[Records from a dataset]
———

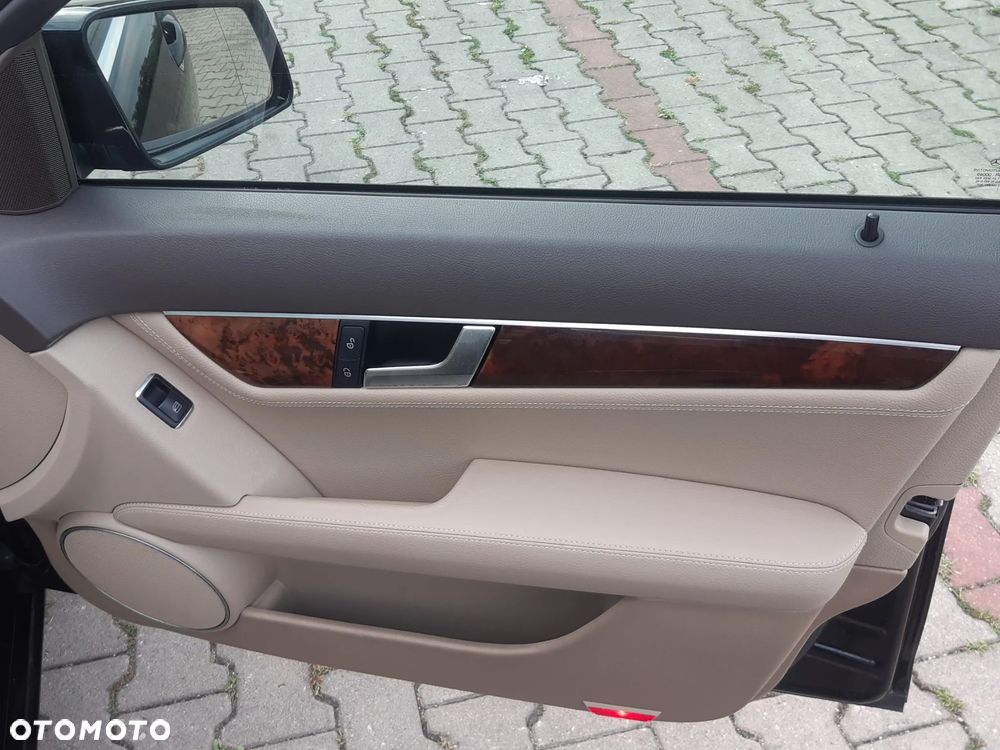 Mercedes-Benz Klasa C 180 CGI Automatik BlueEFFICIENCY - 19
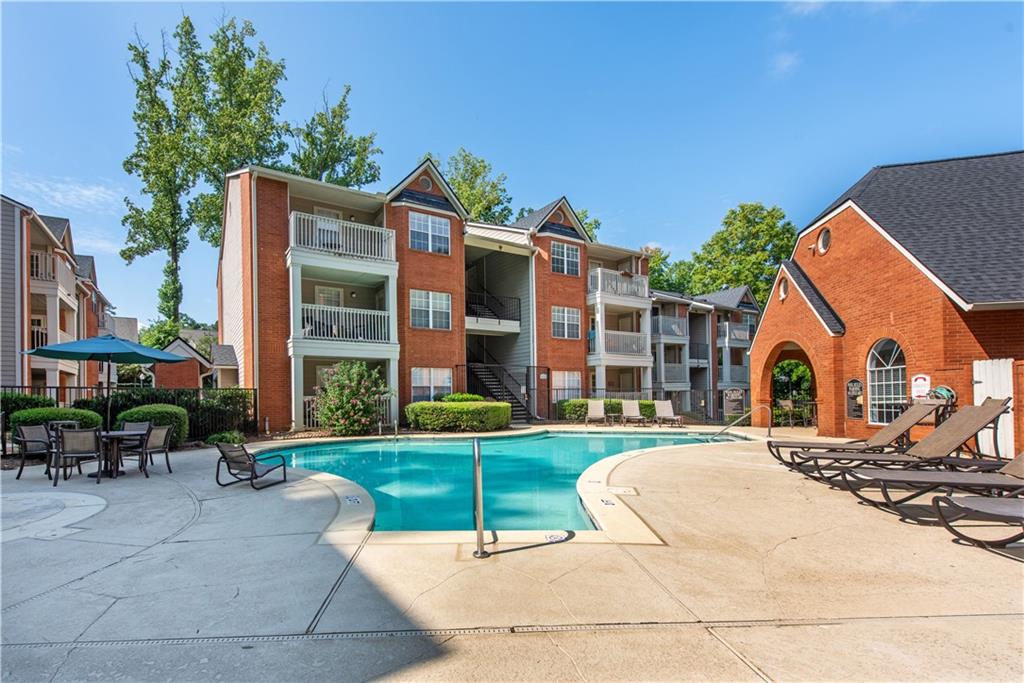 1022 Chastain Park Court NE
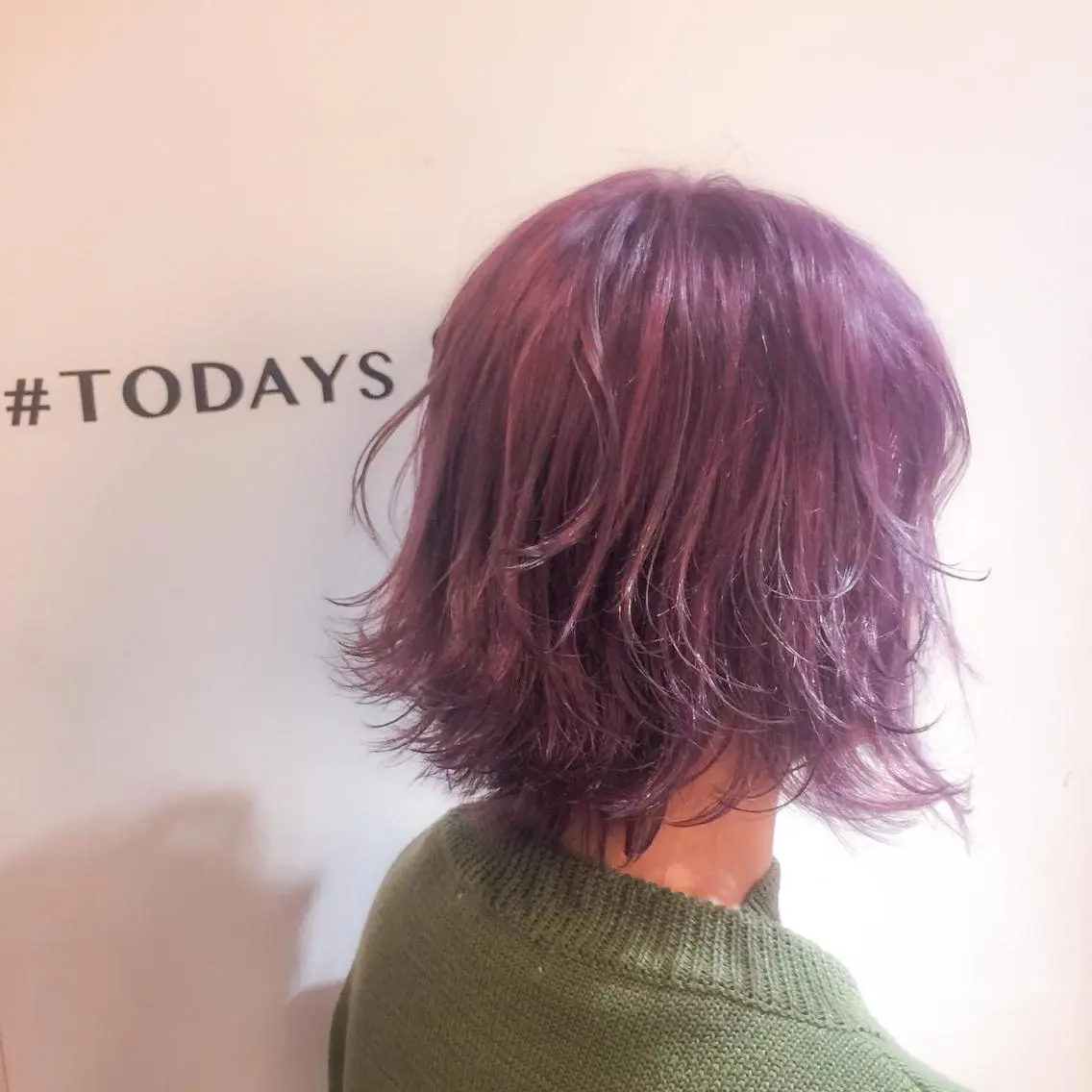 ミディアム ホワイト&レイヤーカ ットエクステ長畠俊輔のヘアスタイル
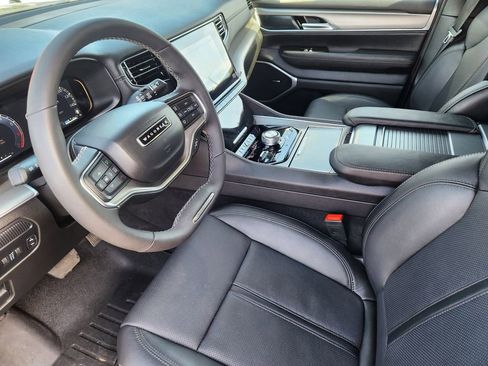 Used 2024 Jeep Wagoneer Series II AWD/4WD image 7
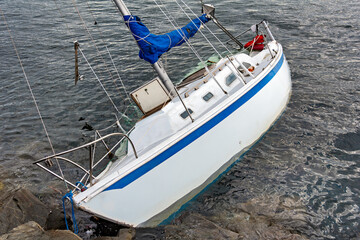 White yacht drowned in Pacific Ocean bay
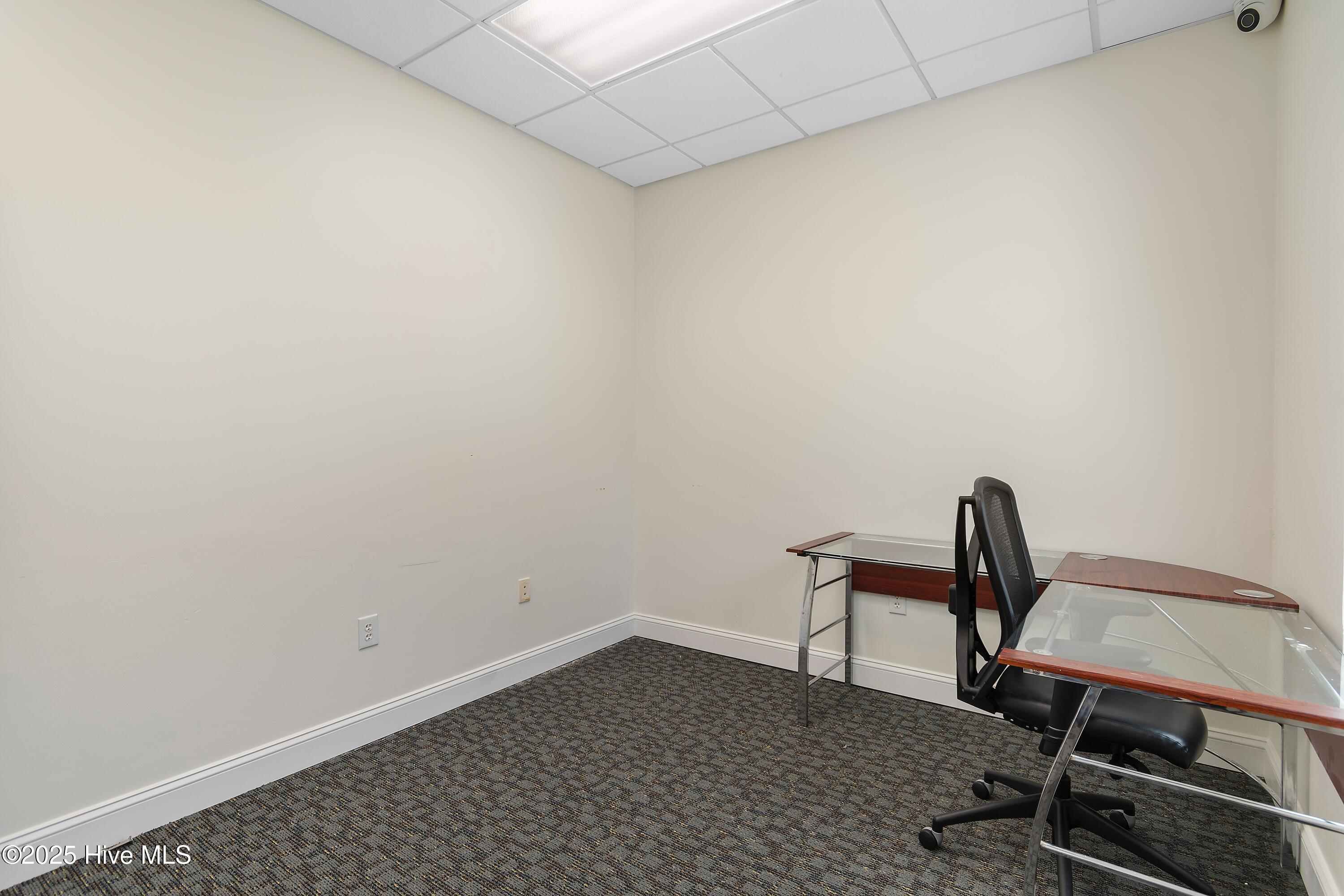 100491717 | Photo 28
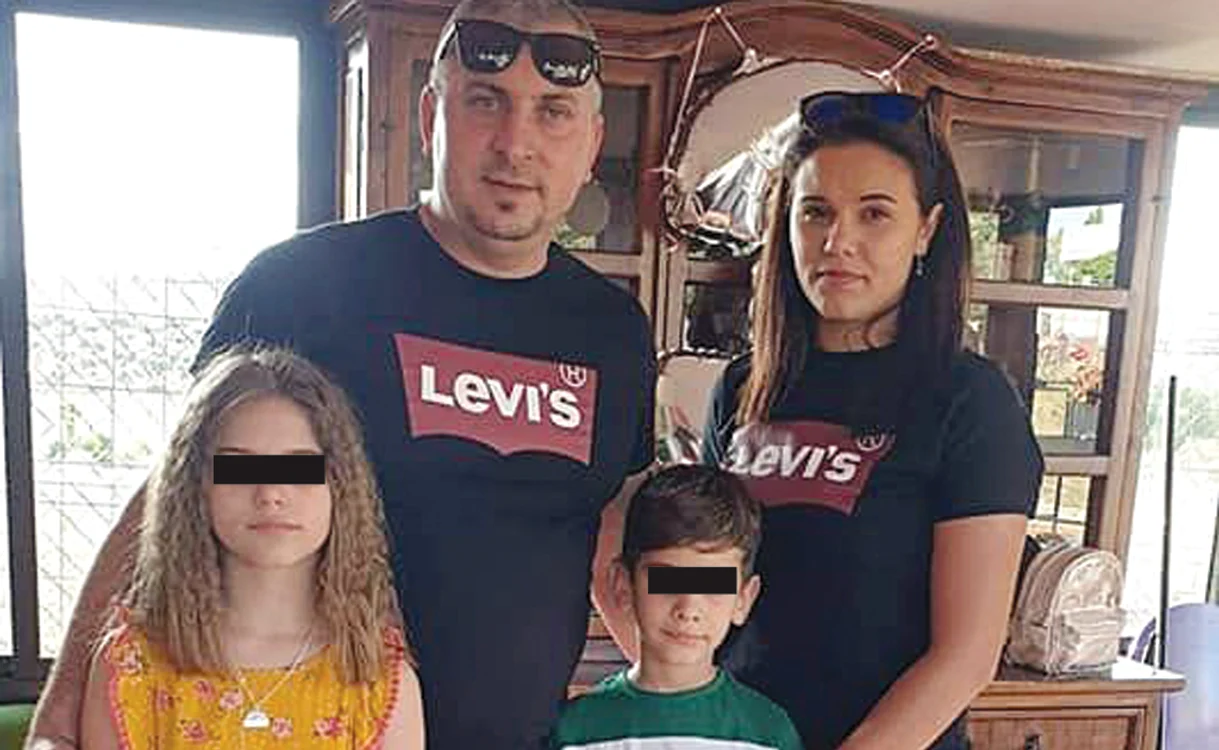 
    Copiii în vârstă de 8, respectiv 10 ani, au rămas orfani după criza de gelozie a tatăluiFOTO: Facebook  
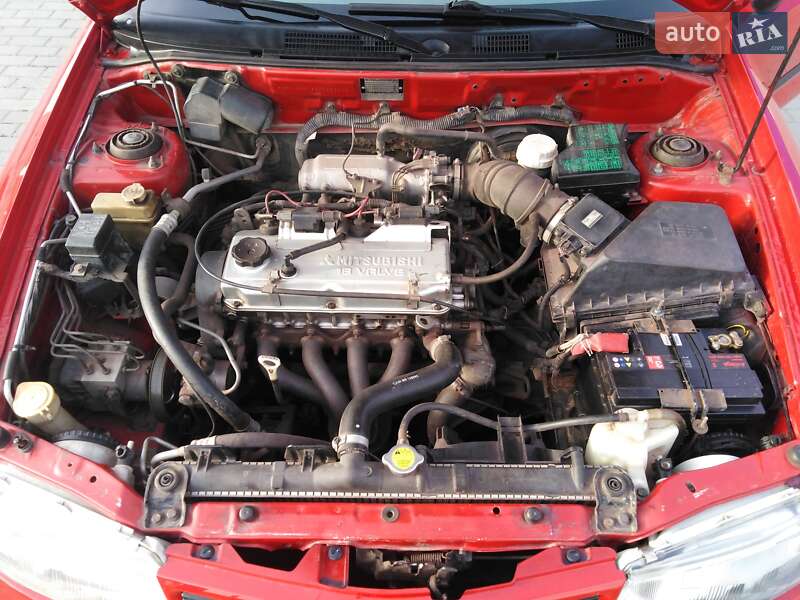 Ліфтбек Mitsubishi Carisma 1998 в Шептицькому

———

ASSIGNMENT. Please retype the lines from the one that contains "1022 Chastain Park Court NE" through the final line of the data, both included, without any pictures.

TASK ANSWER.
 1022 Chastain Park Court NE
 ミディアム ホワイト&レイヤーカ ットエクステ長畠俊輔のヘアスタイル
 Used 2024 Jeep Wagoneer Series II AWD/4WD image 7
 White yacht drowned in Pacific Ocean bay
 100491717 | Photo 28
    Copiii în vârstă de 8, respectiv 10 ani, au rămas orfani după criza de gelozie a tatăluiFOTO: Facebook  
 Ліфтбек Mitsubishi Carisma 1998 в Шептицькому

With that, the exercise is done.